[TO DO] Reproduce the records below exactly, but leave their pictures out of the copy.

[Caption-style text data]
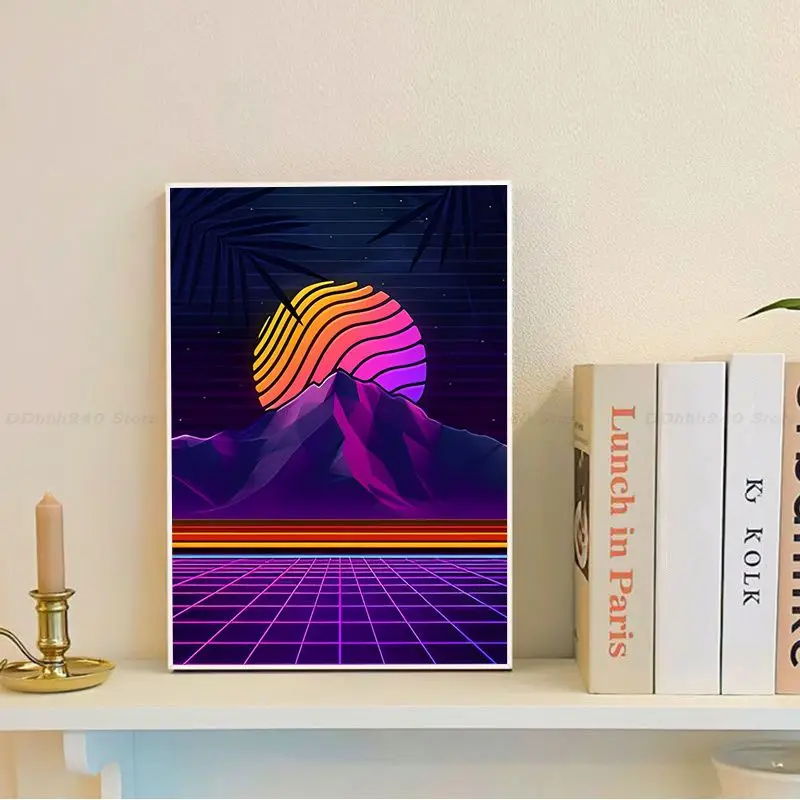 Neon Retrowave Synthwave Whitepaper Poster Decoracion Painting Wall Art White Kraft Paper Decor Art Wall Stickers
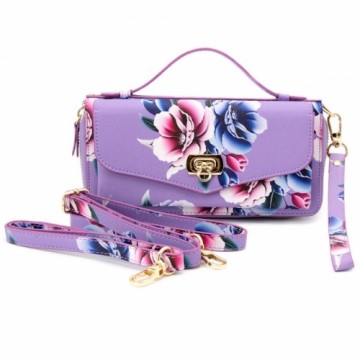 Evelatus Эко-кожаный кошелек-чехол с магнитным фиксатором для смартфона и плечевым ремнем Flower Фиолетовый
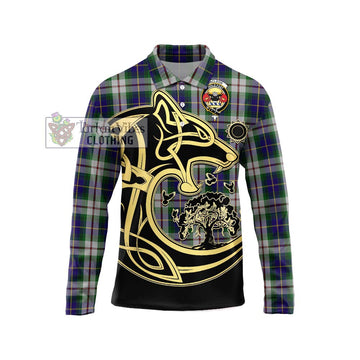 MacLeod Of Californian Tartan Long Sleeve Polo Shirt with Family Crest Celtic Wolf Style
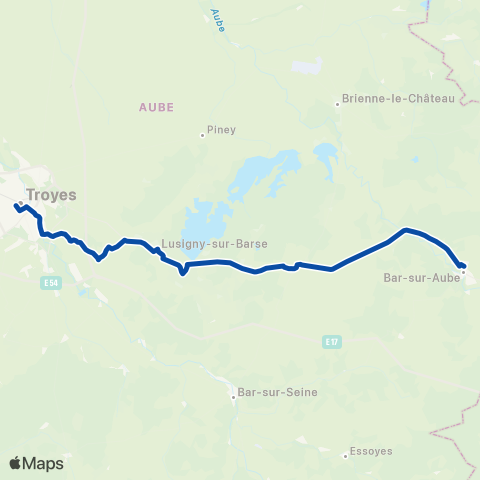 TER Fluo (Grand Est) Troyes - Vendeuvre - Chaumont map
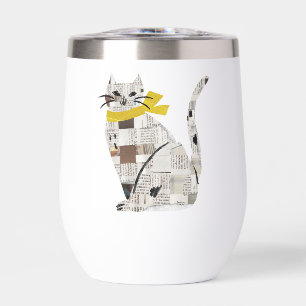 newspapar cat thermal wine tumbler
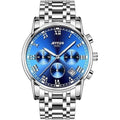 Dofia Xiaoya Aiyishi 9101 Men's Silver Stainless Steel Quartz Watch Blue Dial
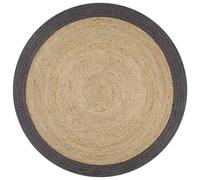 vidaXL Handmade Rug Jute with Olive Green Border 120cm Floor Protector Carpet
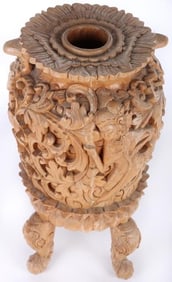 HAND-CARVED ORNATE BALINESE WOODEN VASE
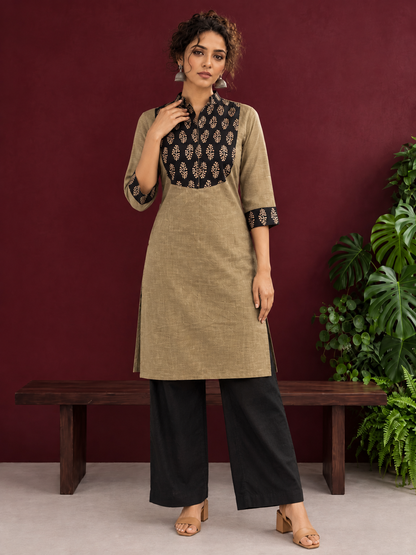 Classic Beige Cotton Kurta with Contrast Black Floral Print Yoke & Coordinated Sleeve Cuffs — front view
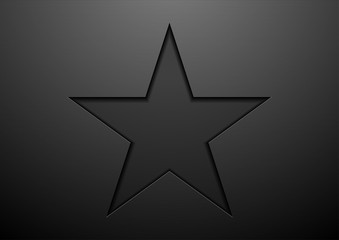Black star shape on dark background. Tech modern geometric design. Vector illustration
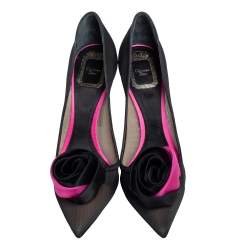 Pre Owned حذاء كعب عالي ديور غاردن ساتان وشبكة أسود/وردي مقاس 38.5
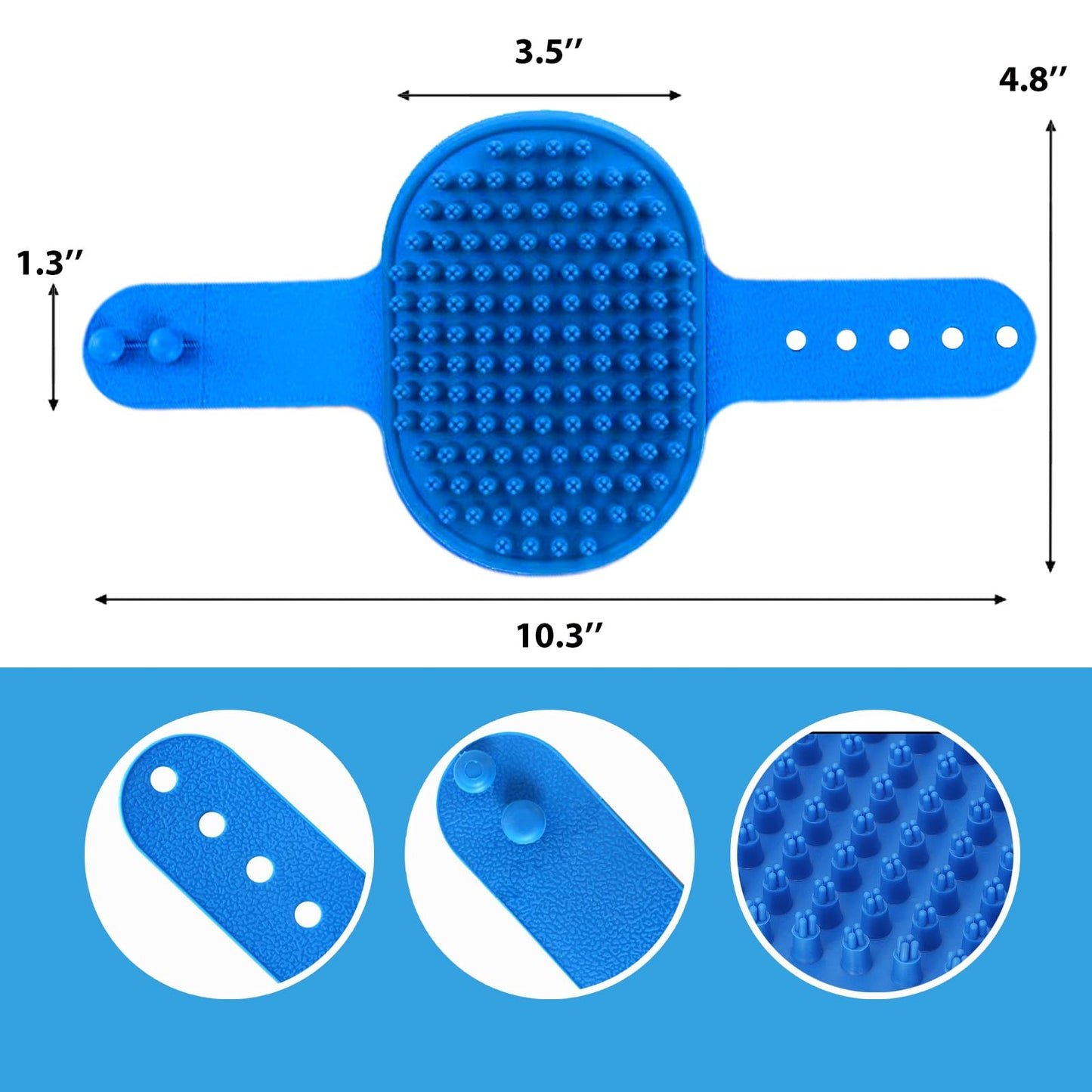 NVNAN Pet Hair Removal Glove for Dogs & Cats, 2-in-1 Deshedding Brush & Massage Mitt - Grooming Gloves for Shedding Control, Bathing and Washing, Safe for Short/Long Hair Pets 2-Pack (Blue)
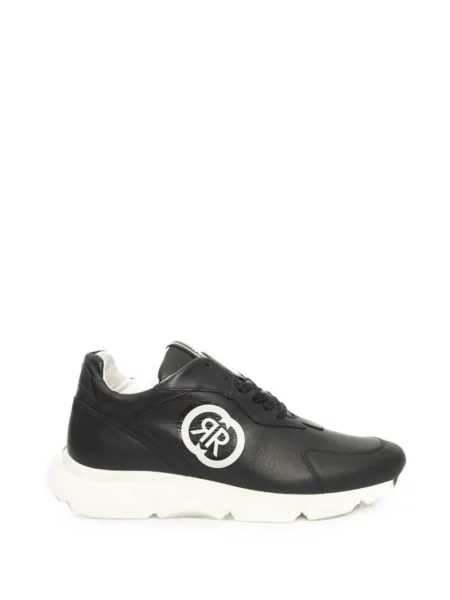Sneakerși Cerruti 1881 din piele cu autograf negru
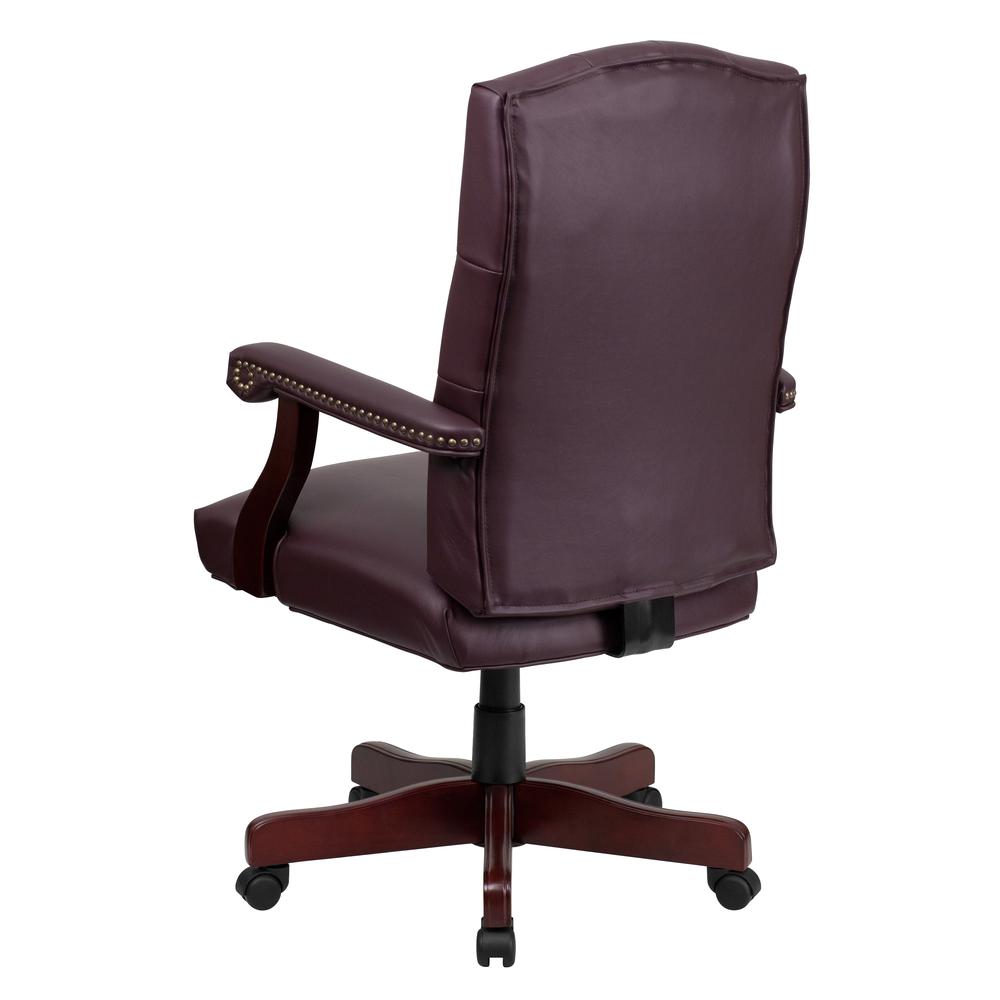 Martha Washington Burgundy LeatherSoft Executive Swivel Office Chair with Arms. Picture 3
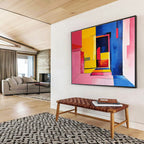 Color - Blocked Interior Abstract Painting with Bold, Vibrant Spatial Dynamics ABS501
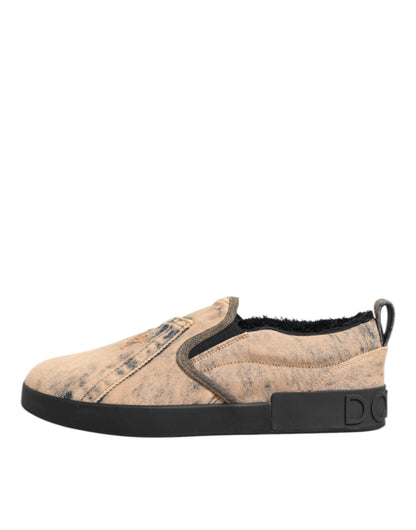 Beige Cotton Low Top Slip On Sneakers Shoes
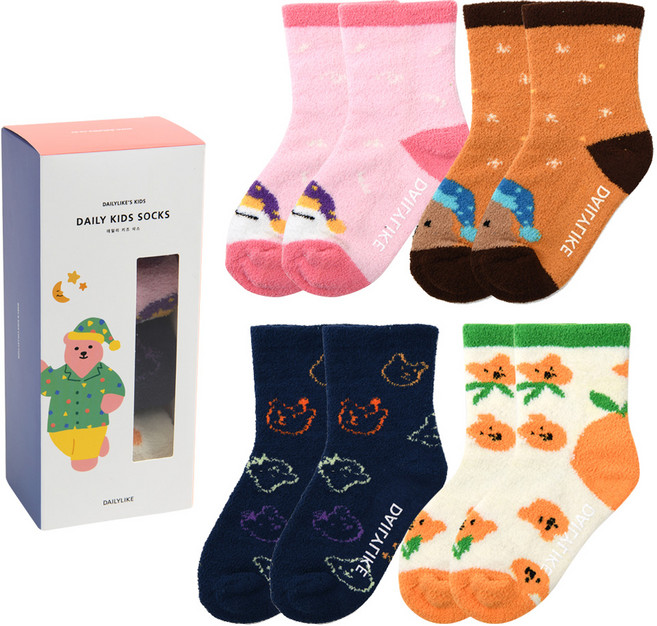 데일리라이크 아동용 데일리 무중력 수면양말 4종 세트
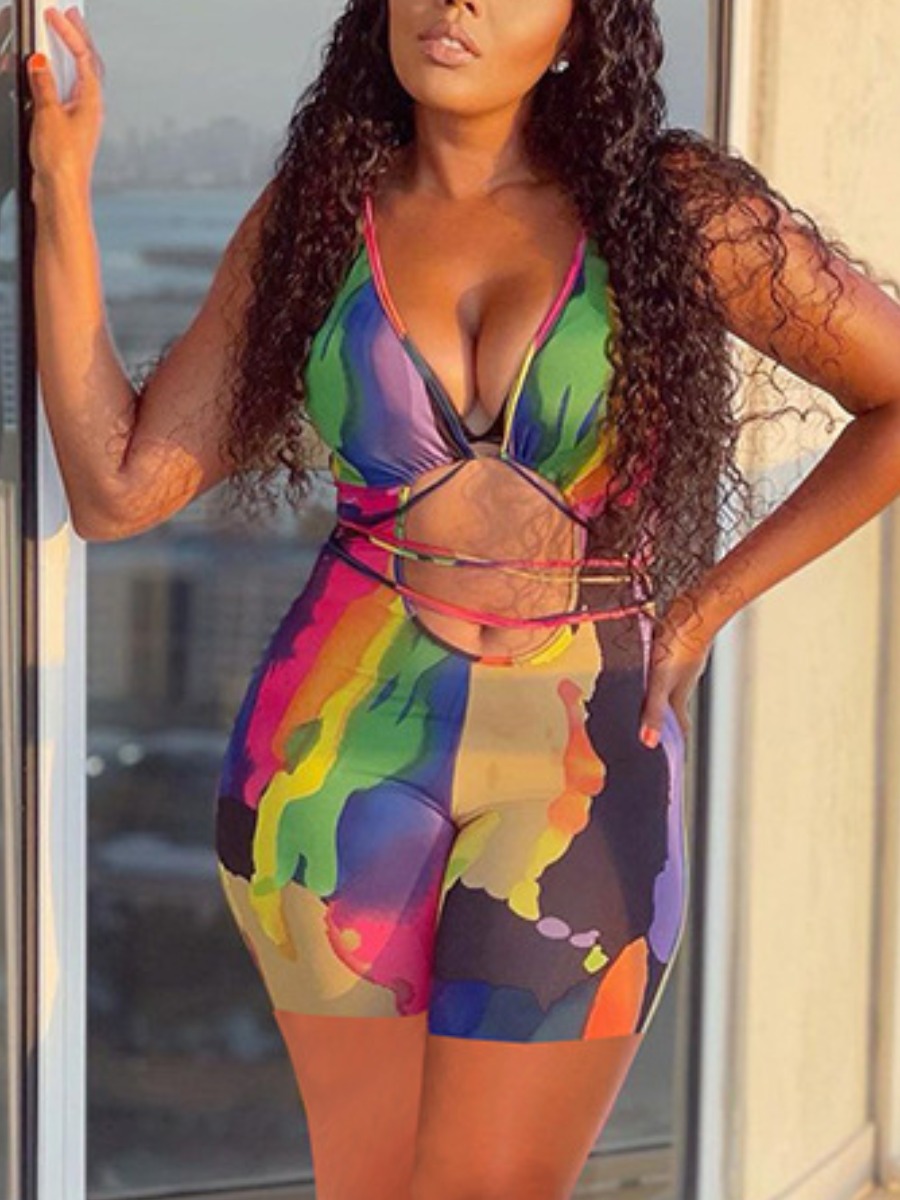 

Lovely Street Tie-dye Hollow-out Yellow One-piece Romper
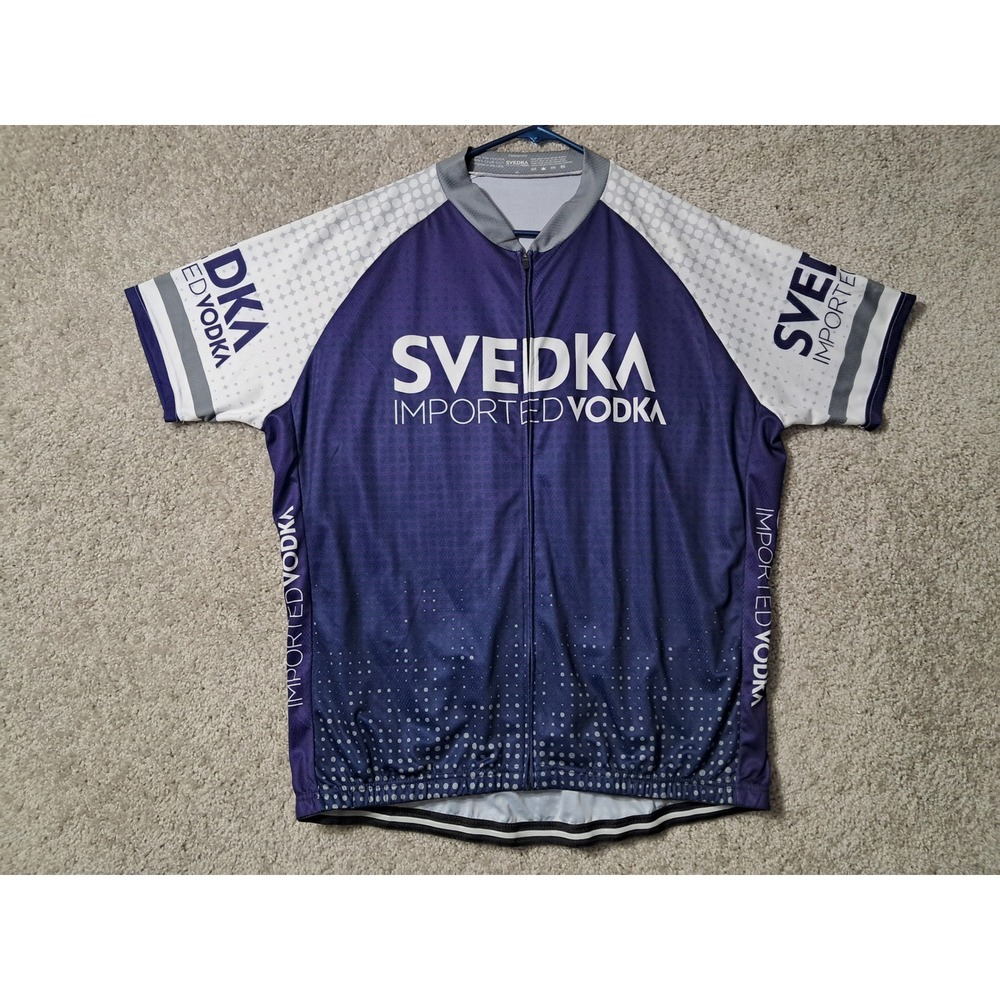 Svedka Hekacool Cycling Jersey Mens XL Purple White Imported Vodka Full Zip Top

[SOLVED EXERCISE]
 Neon Retrowave Synthwave Whitepaper Poster Decoracion Painting Wall Art White Kraft Paper Decor Art Wall Stickers
 Evelatus Эко-кожаный кошелек-чехол с магнитным фиксатором для смартфона и плечевым ремнем Flower Фиолетовый
 MacLeod Of Californian Tartan Long Sleeve Polo Shirt with Family Crest Celtic Wolf Style
 TER Fluo (Grand Est) Troyes - Vendeuvre - Chaumont map
 newspapar cat thermal wine tumbler
 Dofia Xiaoya Aiyishi 9101 Men's Silver Stainless Steel Quartz Watch Blue Dial
 vidaXL Handmade Rug Jute with Olive Green Border 120cm Floor Protector Carpet
 HAND-CARVED ORNATE BALINESE WOODEN VASE
 Classic Beige Cotton Kurta with Contrast Black Floral Print Yoke & Coordinated Sleeve Cuffs — front view
Black star shape on dark background. Tech modern geometric design. Vector illustration
 Pre Owned حذاء كعب عالي ديور غاردن ساتان وشبكة أسود/وردي مقاس 38.5
 NVNAN Pet Hair Removal Glove for Dogs & Cats, 2-in-1 Deshedding Brush & Massage Mitt - Grooming Gloves for Shedding Control, Bathing and Washing, Safe for Short/Long Hair Pets 2-Pack (Blue)
Sneakerși Cerruti 1881 din piele cu autograf negru
 Martha Washington Burgundy LeatherSoft Executive Swivel Office Chair with Arms. Picture 3
 Color - Blocked Interior Abstract Painting with Bold, Vibrant Spatial Dynamics ABS501
 Beige Cotton Low Top Slip On Sneakers Shoes
 데일리라이크 아동용 데일리 무중력 수면양말 4종 세트

Lovely Street Tie-dye Hollow-out Yellow One-piece Romper
 Svedka Hekacool Cycling Jersey Mens XL Purple White Imported Vodka Full Zip Top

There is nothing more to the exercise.